Suffit-il de naitre humain pour être un homme ? Ou peut-on le devenir par nos actes ?
Batou, le partenaire de Motoko, ne comprend pas pourquoi cette dernière fait de la plongée, alors que cette activité est très dangereuse pour un corps robotique. Elle lui répond qu’elle se sent bien, seule dans les profondeurs. Mais ne serait-ce pas pour se sentir vivante, tout simplement ? Du moins, c’est comme cela que nous pouvons le comprendre. Motoko parait plus humaine, plus humanisée que les autres personnages présents.
On retrouve également dans Ghost in the Shell la problématique de l’Intelligence Artificielle. On peut comparer le Puppet Master et HAL 9000, le malicieux ordinateur de bord de 2001 : A Space Odyssey. Ces deux intelligences parviennent à s’émanciper de leur forme purement informatique pour se jouer des hommes (un temps, du moins) et impacter la réalité, et cela sans véritable existence physique. HAL n’est qu’un (gros) ordinateur, et le Puppet Master est au départ un programme d’espionnage.
Avons nous encore le contrôle sur la technologie ? Ou bien sommes nous déjà condamnés ?
J’ai ici pris comme exemple un des cas les plus célèbres. Mais on retrouve dans de nombreux films l’idée que nous sommes les esclaves des machines. Du très seventies The Forbin Project au tout nouveau Ex Machina, les films qui traitent de cette thématique sont bien souvent pessimistes, et Ghost in the Shell ne déroge pas à la règle. Et cela ne concerne pas que l’intrigue autour de l’Intelligence Artificielle.

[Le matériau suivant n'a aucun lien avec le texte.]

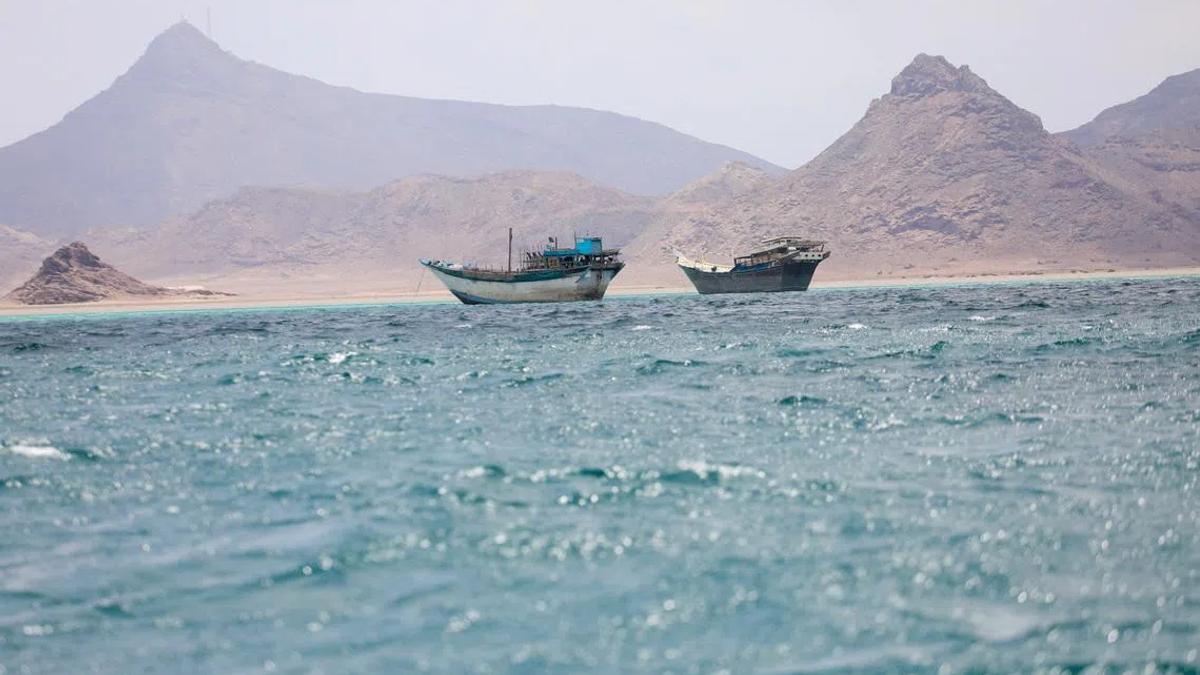 Geopolitical Tides: Bab el-Mandeb Shipping Rises Amid US-Iran Diplomatic Hopes, Hormuz Tensions Persist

L’atmosphère sombre et brumeuse renforce le côté mystérieux du film (faisant irrémédiablement pensé à Blade Runner) et son ambiance cyberpunk. Autres marques de cet environnement : une anti-héroïne désabusée en quête d’identité, un univers teinté de violence, et la vision chaotique d’une société déshumanisée entièrement connectée en réseaux où un hacker assez talentueux comme le Puppet Master peut tout chambouler.

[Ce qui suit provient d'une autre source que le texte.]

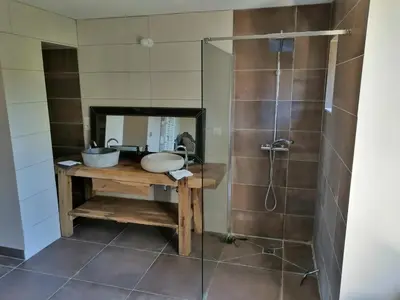 Salle de bains dans l'établissement Chez Marine et Justine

Visuellement, Ghost in the Shell épate. Par sa qualité d’animation mais surtout par sa mise en scène. Les idées brillantes s’enchainent, les scènes d’action combinent avec des plans plus contemplatifs. Qu’il s’agisse d’animer une fusillade (la dernière du film est très forte d’ailleurs) ou de retranscrire le vol paisible d’un hélicoptère dans la pénombre, tout est bien ficelé.
Enfin, comment parler de Ghost in the Shell sans dire deux mots de la fantastique musique de Kenji Kawai ? Car la partition qu'il livre ici est exceptionnelle, sublimant chaque moment du film.
(Petits spoilers inside...)
Malgré sa richesse, Ghost in the Shell ne nous étouffe jamais. Et quand son intrigue nous tient en haleine pendant une heure, sa conclusion nous envoute en un rien de temps et efface complètement ce qu’on vient de voir. On assiste alors à la réunion divine entre Motoko et le Puppet Master.
Kusanagi n’est plus, un nouvel être est né. Réincarnée dans le corps d’une jeune fille, la « nouvelle » Motoko prend pleinement conscience de son existence, et devant elle se dresse l’immensité de la ville, qui apparait alors littéralement à ses pieds. La fin n’est ainsi que le commencement.